One of the simplest ways to reduce plastic use is to move away from using liquid soap products and to use plastic instead. This is where Lush has pioneered a ‘naked’ style of packaging, but they are not the only ones – East London based social enterprise, The Soap Co is an alternative.
Standard face wipes and cotton pads are not biodegradable and cause huge problems in landfill and our oceans. Instead you can remove make-up using your normal cleanser and either a flannel or an eco-friendly konjac sponge or you can even buy reusable cotton pads that go in the washing machine (or you could probably make your own if you’re so inclined).
Something that is a perennial part of one’s ablutions is the humble toothbrush, but if you get through three of these a year, that’s a lot of plastic going into the sea. Bamboo is the perfect alternative, complete with charcoal bristles it will decompose in about six months.

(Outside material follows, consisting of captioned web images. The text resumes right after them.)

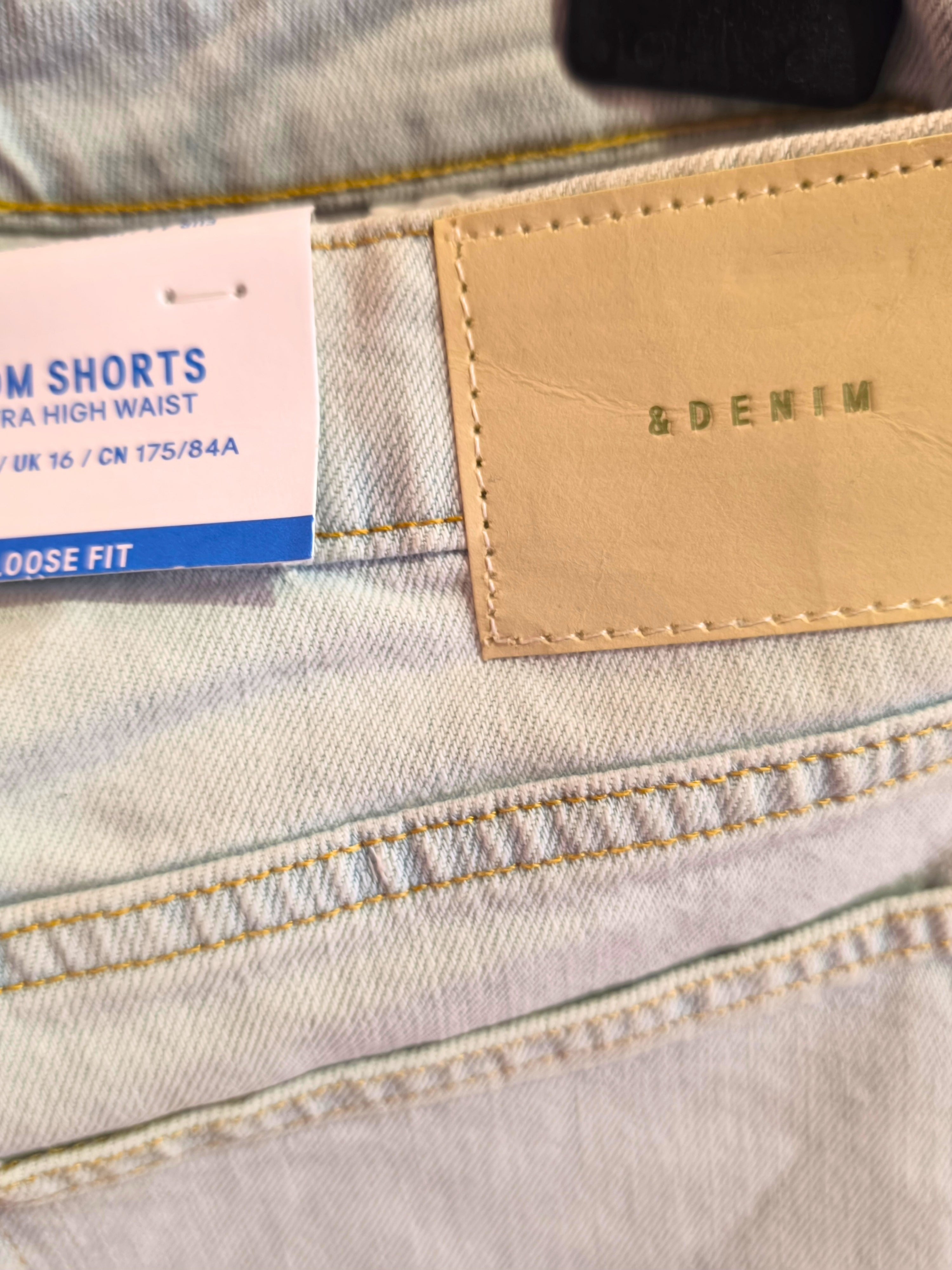 Short vaquero H&M &Denim Mom Fit de cintura ultra alta azul claro | Talla 44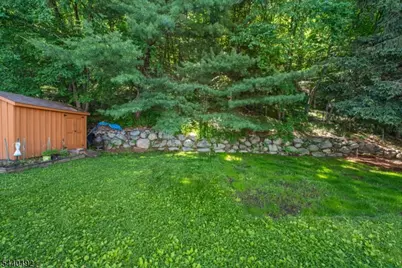 44 Molinari Dr, Wanaque, NJ 07465 - Photo 23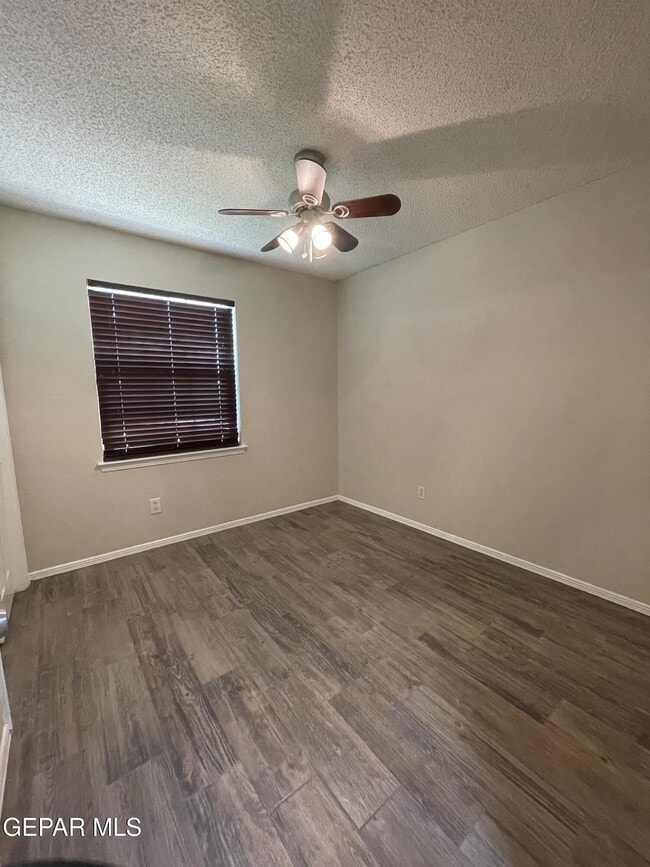 Building Photo - 5432 Thornridge Cir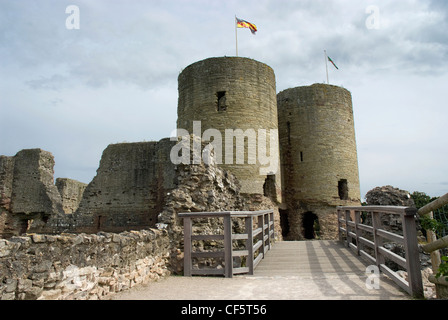 Il west Gatehouse of Rhuddlan Castello, costruito nel XIII secolo sotto il regno del re Edward l. Foto Stock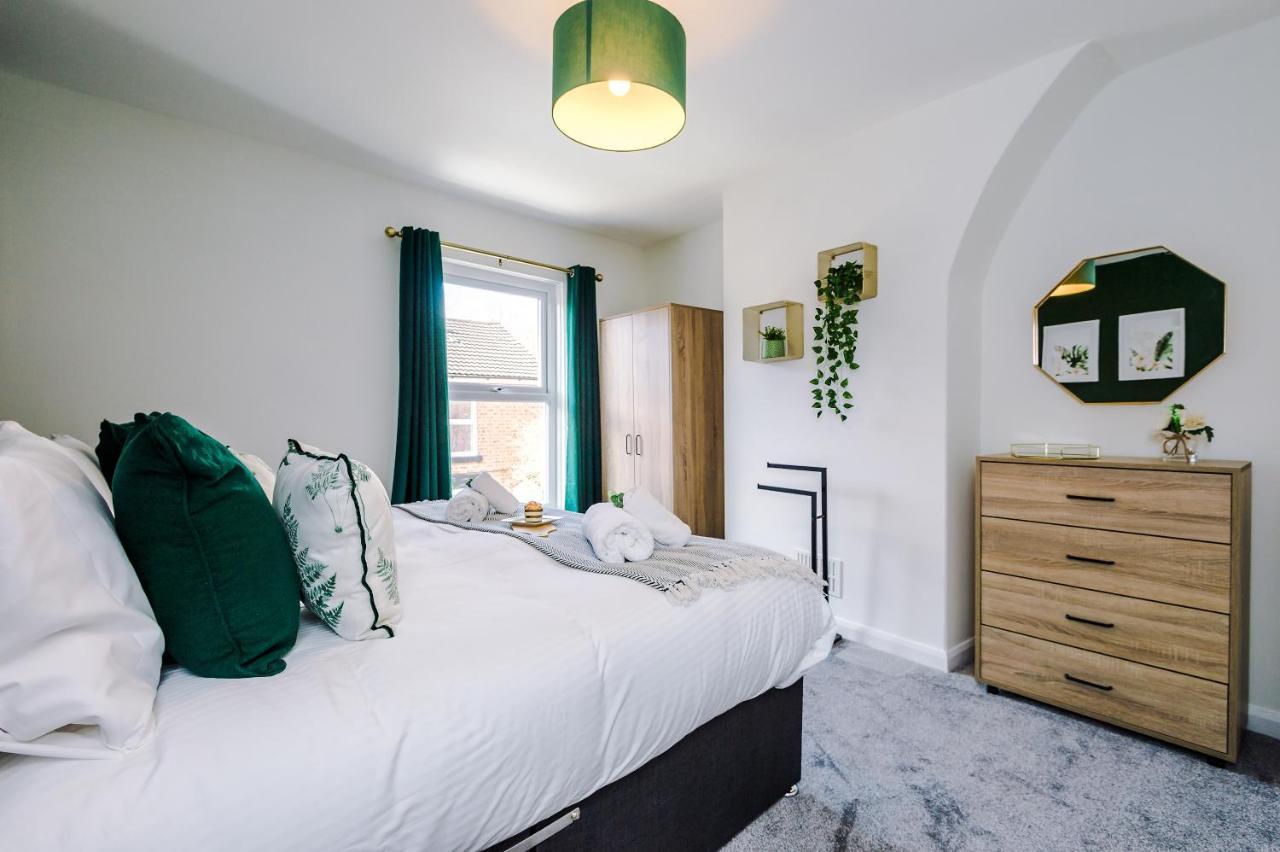 Bright Cottage: Chester City Centre Retreat for 6 Exterior photo
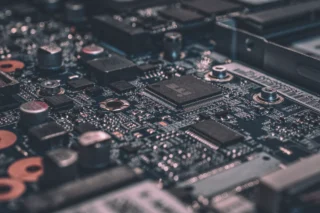 PCIe 6.0 veri yolu ve yuksek hizli bilgisayar devrelerini temsil eden gorsel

It’s a touch more expensive than your regular toothbrush – Pearl Bar have created one for £7.50, but it’s an investment in our environment, so worth the extra pennies.
For men and women, razors are something that you can invest a little more in to avoid the use of disposable razors. Aside from being prettier, safety razors from the likes of Edwin Jagger come in at around £26-30 and help to limit the amount of plastic we’re adding into the world around us… they also make excellent gifts.